The Eve cluster
When reading the forums I have seen many speculations on the cluster setup. This has ranged from "THE" Eve server meaning one monstrous machine to a geographically dispersed spiderweb of proxies around a central cluster. Both extremes are far of although the latter one was considered at one point but later abandoned due to the inconvenience and minimal gains involved.
In reality Eve is running on a cluster in Thamesside London. At the heart of it there is a SQL server cluster, two machines running in an Active-Standby configuration. If one breaks down the other automatically senses it and takes over.
In front of the sql server machines there are 42 application servers of which we are using 28 at the moment. These are what we call SOL servers (1) These servers calculate trajectories, run station services, market and almost everything else. In front of the SOL servers there are 13 proxies (since 13 isn´t such a lucky number we only run 12 of these atm :).
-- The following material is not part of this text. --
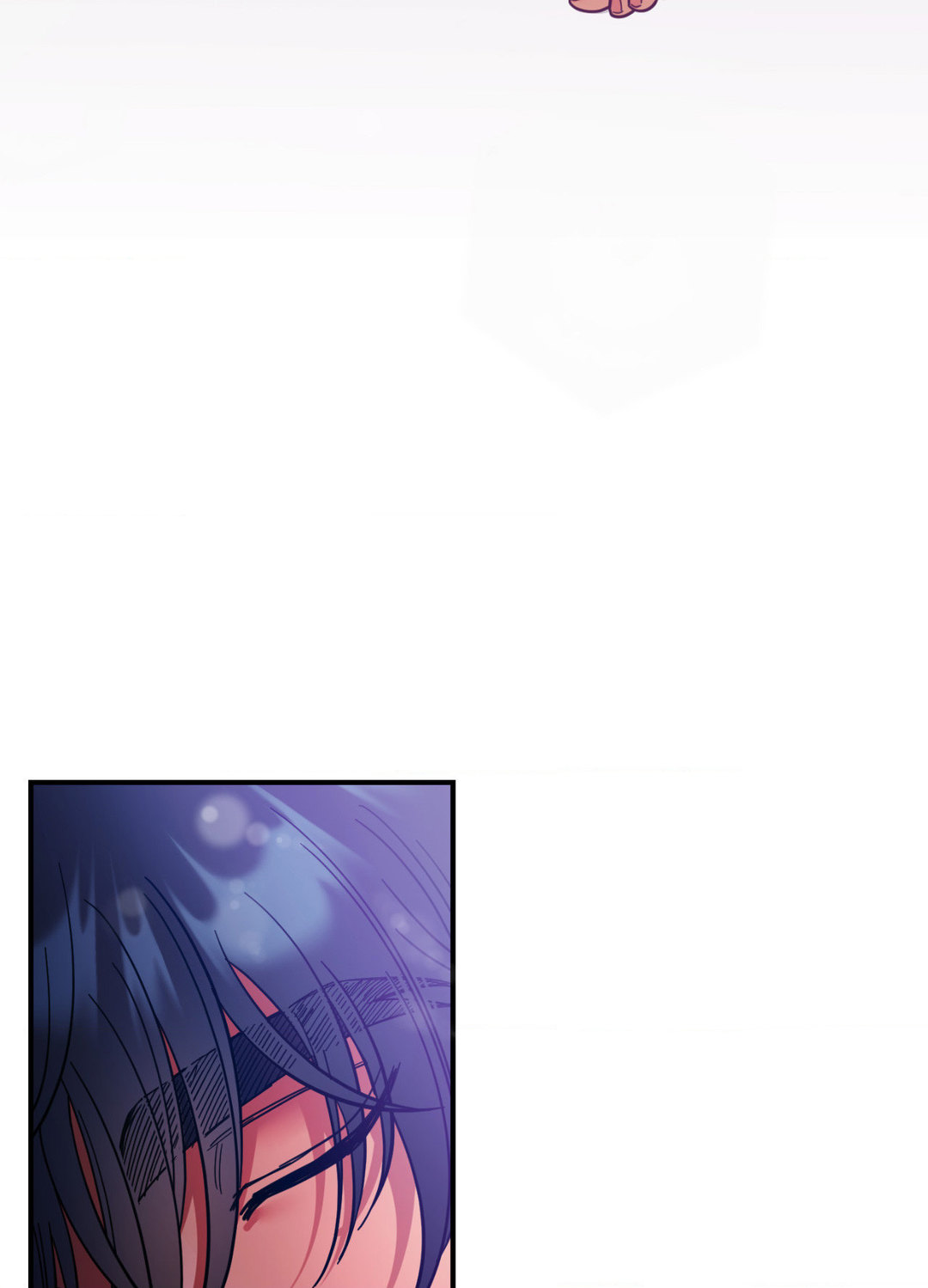 Hana’s Demons of Lust - Chapter 72 - picture 33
The proxies purpose is to keep track of all the services each client is using. Think of it as one fat pipe from your client to the proxy which then breaks up into many smaller pipes to several SOL servers depending on where you are and what you are doing in the game. Each SOL server then contacts the database for data it needs in order to process your clients requests and to calculate the outcomes of interactions between you and other people in the game. Each proxy has both an individual user limit and also a cluster limit, both configurable which explains messages such as "proxy full" and "cluster full" which some of you may be familiar with from beta.
In front of the proxy servers we have two load balancers in a failover configuration which take care of rerouting connections from a virtual server ip to one of the real proxies behind it. It masks the real server ip's and keeps track of which client is connected to which server.
As you can imagine keeping all of these servers and the different services that run on them in sync is quite complex, especially so when users change locations or services and the proxies need to close connections for the users in one place and open up connections on other SOL servers. This happens for example every time you exit or dock at a station or jump at a jumpgate. It is at this critical transition phase that users have been prone to getting stuck.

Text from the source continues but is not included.